Description of the task:
Could you set down the lines below, from the one containing "this 1270×952 image." through the final line, exactly as written?

Dataset entries:
╭──

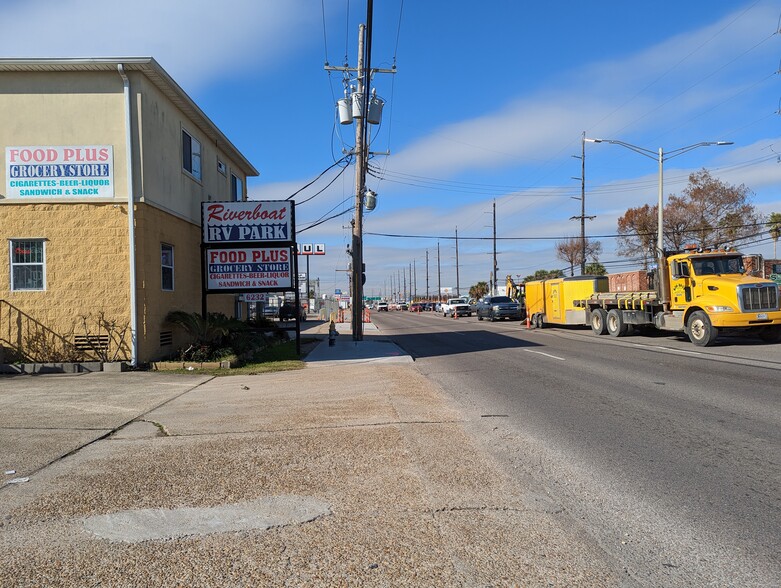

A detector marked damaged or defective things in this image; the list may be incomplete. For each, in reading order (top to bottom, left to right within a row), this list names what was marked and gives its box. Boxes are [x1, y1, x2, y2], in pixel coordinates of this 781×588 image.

concrete patch in pavement [80, 492, 330, 544]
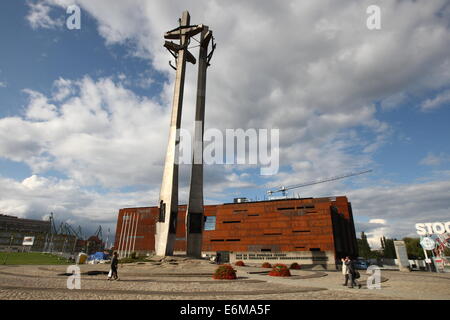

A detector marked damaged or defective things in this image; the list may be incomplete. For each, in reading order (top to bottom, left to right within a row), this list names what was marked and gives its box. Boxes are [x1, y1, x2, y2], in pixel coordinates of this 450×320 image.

rusty brown building [113, 196, 358, 266]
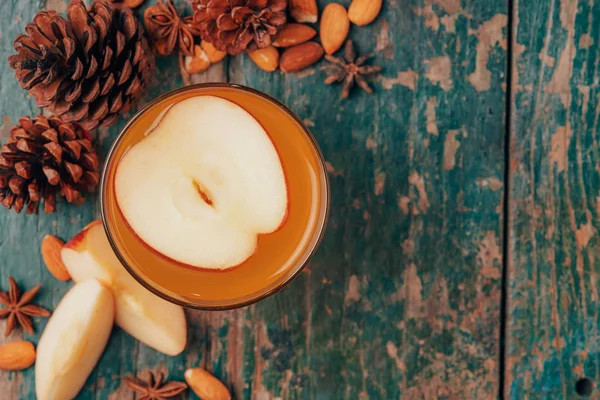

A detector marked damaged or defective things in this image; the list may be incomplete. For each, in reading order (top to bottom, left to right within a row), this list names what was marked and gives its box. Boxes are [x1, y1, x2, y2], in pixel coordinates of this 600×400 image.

peeling paint [382, 69, 420, 90]
peeling paint [424, 56, 452, 91]
peeling paint [468, 14, 506, 91]
peeling paint [442, 130, 462, 170]
peeling paint [552, 124, 576, 173]
peeling paint [410, 171, 428, 214]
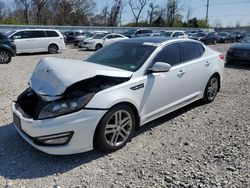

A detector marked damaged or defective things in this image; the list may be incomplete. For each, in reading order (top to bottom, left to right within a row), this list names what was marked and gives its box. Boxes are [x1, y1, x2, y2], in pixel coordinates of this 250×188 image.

crumpled hood [29, 57, 133, 96]
broken headlight [38, 93, 94, 119]
damaged front end [16, 75, 129, 120]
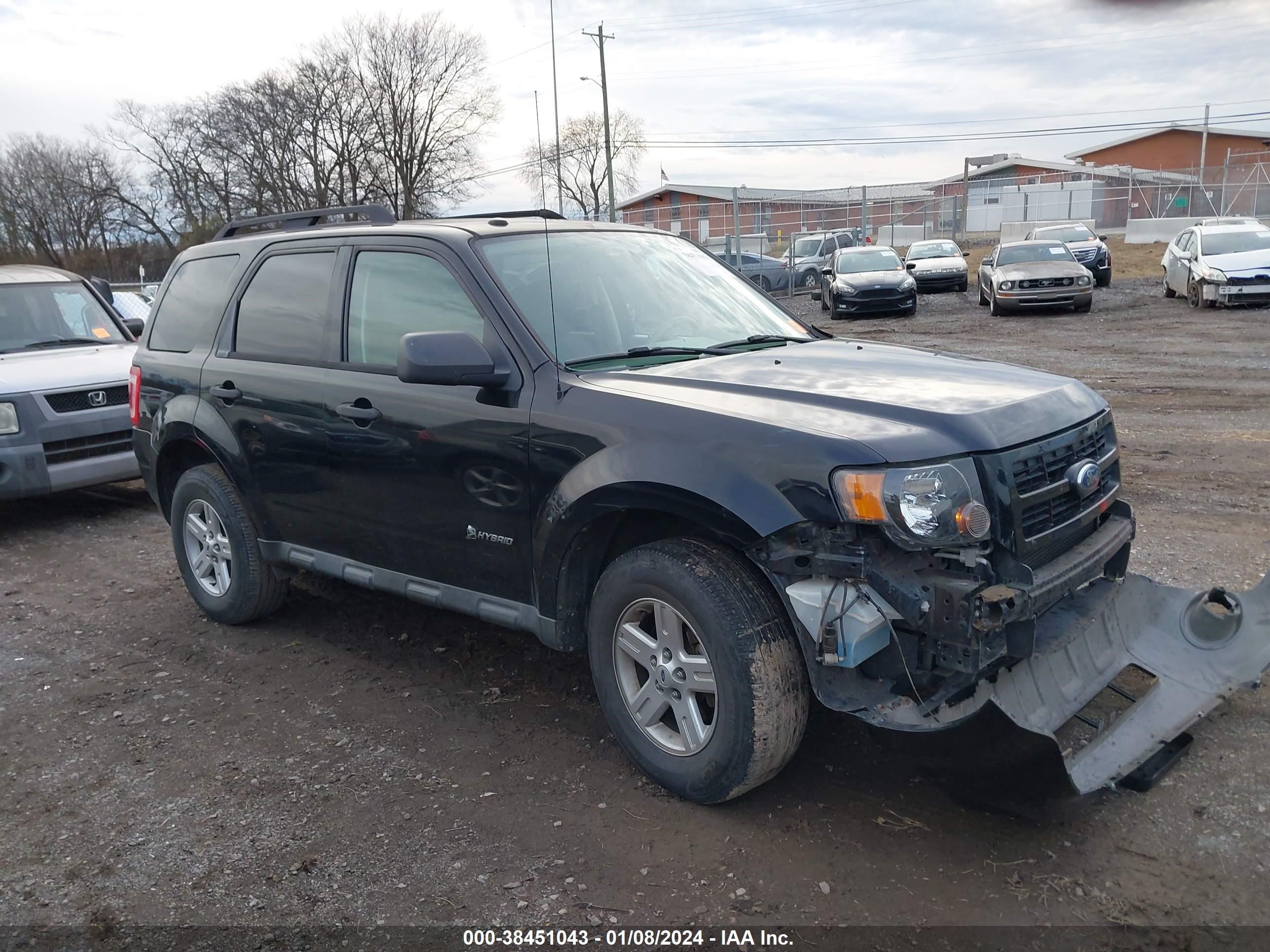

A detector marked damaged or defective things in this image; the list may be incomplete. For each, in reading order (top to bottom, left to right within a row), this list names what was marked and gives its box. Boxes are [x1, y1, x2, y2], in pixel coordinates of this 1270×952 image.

cracked headlight [0, 400, 18, 434]
cracked headlight [832, 459, 994, 548]
front bumper damage [757, 516, 1262, 800]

╰──

Response:
A detector marked damaged or defective things in this image; the list may be incomplete. For each, in reading order (top to bottom, left to right within a row), this list names what was marked and gives its box. Boxes are [x1, y1, x2, y2], in pixel coordinates of this 1270×952 image.

cracked headlight [0, 400, 18, 434]
cracked headlight [832, 459, 994, 548]
front bumper damage [757, 516, 1262, 800]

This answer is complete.